Nature magazine is carrying a story reporting on the recent work of Gary McGuire of University College Dublin. McGuire's team have been studying the question of the minimal number of clues that must be present in a valid Sudoku puzzle, and recently announced their findings.
What's particularly interesting about their technique is that it combines Mathematics and Computer Science, using techniques from both disciplines:
A potential way to demonstrate that could be to check all possible completed grids for every 16-clue puzzle, but that would take too much computing time. So McGuire simplified the problem by designing a 'hitting-set algorithm'. The idea behind this was to search for what he calls unavoidable sets, or arrangements of numbers within the completed puzzle that are interchangeable and so could result in multiple solutions. To prevent the unavoidable sets from causing multiple solutions, the clues must overlap, or 'hit', the unavoidable sets.
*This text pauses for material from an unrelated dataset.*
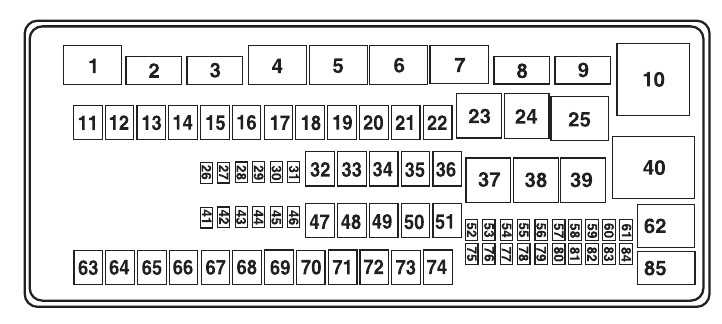 2001 ford e250 fuse diagram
Once the unavoidable sets are found, it is a much smaller—although still non-trivial—computing task to show that no 16-clue puzzle can hit them all.
Having spent two years testing the algorithm, McGuire and his team used about 7 million CPU hours at the Irish Centre for High-End Computing in Dublin, searching through possible grids with the hitting-set algorithm. “The only realistic way to do it was the brute force approach,” says Gordon Royle, a mathematician at the University of Western Australian in Perth who had been working on the problem of counting 17 clue puzzles using different algorithms. “It’s a challenging problem that inspires people to push computing and mathematical techniques to the limit. It’s like climbing the highest mountain.”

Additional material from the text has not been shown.